(Beginning of Entries shown)

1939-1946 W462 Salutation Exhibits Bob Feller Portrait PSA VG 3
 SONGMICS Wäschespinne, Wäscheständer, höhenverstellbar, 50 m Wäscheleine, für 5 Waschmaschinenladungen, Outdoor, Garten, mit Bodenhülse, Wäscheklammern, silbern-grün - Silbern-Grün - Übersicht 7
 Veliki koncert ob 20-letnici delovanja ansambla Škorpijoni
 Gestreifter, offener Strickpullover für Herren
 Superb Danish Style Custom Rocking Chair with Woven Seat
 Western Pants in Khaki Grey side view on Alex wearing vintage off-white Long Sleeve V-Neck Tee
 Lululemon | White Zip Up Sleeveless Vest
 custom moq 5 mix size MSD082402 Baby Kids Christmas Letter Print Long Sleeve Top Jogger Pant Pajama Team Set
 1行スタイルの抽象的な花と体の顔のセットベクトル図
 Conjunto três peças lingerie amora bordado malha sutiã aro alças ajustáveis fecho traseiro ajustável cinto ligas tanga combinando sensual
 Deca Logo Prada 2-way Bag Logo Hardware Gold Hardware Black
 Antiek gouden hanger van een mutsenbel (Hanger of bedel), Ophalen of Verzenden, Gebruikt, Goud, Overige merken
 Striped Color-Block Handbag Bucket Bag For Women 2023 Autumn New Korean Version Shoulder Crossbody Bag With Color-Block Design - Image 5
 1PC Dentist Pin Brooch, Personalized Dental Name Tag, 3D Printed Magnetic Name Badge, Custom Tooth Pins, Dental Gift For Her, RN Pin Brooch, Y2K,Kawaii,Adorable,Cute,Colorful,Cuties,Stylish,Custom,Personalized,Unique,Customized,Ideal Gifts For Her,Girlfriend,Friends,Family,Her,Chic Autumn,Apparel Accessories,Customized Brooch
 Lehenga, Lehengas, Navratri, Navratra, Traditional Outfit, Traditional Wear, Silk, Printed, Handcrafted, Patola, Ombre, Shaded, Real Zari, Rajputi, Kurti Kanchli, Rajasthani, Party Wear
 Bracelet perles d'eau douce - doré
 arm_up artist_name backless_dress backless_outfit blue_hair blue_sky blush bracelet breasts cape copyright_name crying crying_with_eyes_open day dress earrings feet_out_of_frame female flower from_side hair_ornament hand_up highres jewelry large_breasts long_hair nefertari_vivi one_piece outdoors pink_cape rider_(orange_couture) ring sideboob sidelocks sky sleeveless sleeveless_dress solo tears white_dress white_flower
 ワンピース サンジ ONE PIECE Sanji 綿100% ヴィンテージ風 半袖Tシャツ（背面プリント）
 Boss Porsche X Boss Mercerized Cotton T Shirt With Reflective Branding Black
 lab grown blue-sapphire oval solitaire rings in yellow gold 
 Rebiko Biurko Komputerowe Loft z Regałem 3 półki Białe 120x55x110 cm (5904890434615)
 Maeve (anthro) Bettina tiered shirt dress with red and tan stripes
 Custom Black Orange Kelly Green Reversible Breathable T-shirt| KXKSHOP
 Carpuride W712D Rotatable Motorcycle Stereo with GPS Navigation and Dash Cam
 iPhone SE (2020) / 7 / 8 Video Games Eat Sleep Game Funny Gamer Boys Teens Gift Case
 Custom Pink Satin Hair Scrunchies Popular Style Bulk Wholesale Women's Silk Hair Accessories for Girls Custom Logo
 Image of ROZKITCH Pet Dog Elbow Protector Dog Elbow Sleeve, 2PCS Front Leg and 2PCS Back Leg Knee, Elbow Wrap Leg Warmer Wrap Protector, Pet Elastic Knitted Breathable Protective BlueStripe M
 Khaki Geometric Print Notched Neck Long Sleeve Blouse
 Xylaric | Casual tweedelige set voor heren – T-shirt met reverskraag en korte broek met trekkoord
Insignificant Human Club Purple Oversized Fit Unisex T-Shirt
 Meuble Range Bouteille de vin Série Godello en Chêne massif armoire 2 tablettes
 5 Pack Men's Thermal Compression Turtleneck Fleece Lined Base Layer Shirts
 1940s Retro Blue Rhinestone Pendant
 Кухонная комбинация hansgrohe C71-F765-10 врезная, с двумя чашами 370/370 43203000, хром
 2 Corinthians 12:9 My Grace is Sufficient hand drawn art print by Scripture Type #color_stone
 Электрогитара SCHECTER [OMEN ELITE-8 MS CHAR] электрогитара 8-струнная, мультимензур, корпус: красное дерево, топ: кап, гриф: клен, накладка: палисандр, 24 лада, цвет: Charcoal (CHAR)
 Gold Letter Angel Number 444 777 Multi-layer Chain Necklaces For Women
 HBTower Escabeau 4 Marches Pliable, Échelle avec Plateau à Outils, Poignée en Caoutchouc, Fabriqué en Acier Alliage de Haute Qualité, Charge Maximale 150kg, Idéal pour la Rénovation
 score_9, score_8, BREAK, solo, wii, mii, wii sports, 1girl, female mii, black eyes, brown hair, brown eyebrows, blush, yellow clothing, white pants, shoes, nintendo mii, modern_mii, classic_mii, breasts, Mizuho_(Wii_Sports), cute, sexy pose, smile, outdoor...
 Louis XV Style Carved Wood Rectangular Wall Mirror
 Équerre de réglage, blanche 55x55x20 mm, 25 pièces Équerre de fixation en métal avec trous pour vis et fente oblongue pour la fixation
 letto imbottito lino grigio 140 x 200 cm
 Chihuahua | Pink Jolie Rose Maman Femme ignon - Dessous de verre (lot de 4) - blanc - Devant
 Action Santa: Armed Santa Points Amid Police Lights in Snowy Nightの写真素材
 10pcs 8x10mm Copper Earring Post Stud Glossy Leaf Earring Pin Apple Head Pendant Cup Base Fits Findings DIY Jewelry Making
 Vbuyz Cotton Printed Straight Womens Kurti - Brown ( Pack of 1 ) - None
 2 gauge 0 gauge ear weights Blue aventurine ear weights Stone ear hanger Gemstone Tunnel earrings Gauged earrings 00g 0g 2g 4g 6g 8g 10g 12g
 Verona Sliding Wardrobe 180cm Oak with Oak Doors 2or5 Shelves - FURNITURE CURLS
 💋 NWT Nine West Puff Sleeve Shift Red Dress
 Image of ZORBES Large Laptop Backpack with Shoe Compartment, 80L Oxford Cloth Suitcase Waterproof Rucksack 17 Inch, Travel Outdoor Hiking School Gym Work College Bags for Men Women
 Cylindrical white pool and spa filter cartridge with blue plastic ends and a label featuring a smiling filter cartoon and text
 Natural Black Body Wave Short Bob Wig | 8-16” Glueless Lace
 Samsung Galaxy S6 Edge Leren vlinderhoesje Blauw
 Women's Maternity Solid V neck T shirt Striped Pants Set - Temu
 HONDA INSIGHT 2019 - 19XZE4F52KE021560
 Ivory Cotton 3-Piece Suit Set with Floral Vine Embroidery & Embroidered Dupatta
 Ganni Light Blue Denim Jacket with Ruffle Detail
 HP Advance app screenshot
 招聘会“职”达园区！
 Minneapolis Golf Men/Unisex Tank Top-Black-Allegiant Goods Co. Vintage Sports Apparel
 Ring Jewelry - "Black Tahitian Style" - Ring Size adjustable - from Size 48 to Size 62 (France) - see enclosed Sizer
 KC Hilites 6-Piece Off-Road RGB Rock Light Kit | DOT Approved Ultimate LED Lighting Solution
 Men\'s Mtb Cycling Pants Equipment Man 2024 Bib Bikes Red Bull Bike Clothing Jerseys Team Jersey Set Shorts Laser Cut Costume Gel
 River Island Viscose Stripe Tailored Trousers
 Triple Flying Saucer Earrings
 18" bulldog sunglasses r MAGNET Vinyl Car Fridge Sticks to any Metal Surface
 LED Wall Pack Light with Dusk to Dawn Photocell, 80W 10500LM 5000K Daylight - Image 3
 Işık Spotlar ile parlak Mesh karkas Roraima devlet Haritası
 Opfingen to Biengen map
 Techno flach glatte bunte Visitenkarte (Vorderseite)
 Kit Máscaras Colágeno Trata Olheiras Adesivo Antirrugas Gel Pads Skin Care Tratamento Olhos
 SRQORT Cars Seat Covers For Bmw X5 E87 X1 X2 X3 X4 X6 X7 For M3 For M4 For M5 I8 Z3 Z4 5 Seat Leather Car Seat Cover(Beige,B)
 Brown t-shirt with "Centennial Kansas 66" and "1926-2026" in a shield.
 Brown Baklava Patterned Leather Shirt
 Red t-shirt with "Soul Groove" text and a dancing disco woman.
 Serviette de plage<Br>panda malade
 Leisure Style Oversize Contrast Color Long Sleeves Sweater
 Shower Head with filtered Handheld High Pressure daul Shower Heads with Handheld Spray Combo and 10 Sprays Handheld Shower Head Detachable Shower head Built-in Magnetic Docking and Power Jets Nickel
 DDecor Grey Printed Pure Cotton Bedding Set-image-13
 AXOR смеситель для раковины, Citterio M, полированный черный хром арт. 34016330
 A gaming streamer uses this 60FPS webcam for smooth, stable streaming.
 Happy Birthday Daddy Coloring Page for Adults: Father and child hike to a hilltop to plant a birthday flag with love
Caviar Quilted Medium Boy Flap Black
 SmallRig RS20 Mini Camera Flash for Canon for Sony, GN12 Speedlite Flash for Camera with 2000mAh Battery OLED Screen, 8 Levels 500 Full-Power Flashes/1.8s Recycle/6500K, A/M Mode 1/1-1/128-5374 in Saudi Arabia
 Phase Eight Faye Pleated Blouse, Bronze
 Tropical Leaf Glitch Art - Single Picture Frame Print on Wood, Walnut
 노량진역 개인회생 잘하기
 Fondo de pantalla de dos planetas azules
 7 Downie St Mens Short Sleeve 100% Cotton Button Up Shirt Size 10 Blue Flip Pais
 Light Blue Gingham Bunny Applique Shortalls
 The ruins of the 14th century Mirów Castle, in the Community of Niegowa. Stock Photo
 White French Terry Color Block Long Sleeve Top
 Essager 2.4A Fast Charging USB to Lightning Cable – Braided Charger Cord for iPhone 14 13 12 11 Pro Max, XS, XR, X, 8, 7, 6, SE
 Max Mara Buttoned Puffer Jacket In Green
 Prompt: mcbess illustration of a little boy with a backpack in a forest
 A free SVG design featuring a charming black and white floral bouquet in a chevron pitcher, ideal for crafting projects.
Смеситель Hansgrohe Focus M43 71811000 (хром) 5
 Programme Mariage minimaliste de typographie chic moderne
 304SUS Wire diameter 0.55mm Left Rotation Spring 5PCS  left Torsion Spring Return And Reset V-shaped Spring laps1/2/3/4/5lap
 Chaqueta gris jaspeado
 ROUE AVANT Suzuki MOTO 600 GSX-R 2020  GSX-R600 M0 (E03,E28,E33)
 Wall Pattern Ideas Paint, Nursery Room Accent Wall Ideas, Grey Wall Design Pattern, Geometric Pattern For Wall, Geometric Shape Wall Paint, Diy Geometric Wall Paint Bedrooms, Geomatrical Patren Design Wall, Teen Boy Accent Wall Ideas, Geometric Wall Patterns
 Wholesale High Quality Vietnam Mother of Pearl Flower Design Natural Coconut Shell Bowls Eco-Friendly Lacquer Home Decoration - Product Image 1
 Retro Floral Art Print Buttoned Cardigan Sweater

(End of Entries shown)

Only the lines from the beginning of the material through the line with "1行スタイルの抽象的な花と体の顔のセットベクトル図" should appear in the answer, each copied exactly.

1939-1946 W462 Salutation Exhibits Bob Feller Portrait PSA VG 3
 SONGMICS Wäschespinne, Wäscheständer, höhenverstellbar, 50 m Wäscheleine, für 5 Waschmaschinenladungen, Outdoor, Garten, mit Bodenhülse, Wäscheklammern, silbern-grün - Silbern-Grün - Übersicht 7
 Veliki koncert ob 20-letnici delovanja ansambla Škorpijoni
 Gestreifter, offener Strickpullover für Herren
 Superb Danish Style Custom Rocking Chair with Woven Seat
 Western Pants in Khaki Grey side view on Alex wearing vintage off-white Long Sleeve V-Neck Tee
 Lululemon | White Zip Up Sleeveless Vest
 custom moq 5 mix size MSD082402 Baby Kids Christmas Letter Print Long Sleeve Top Jogger Pant Pajama Team Set
 1行スタイルの抽象的な花と体の顔のセットベクトル図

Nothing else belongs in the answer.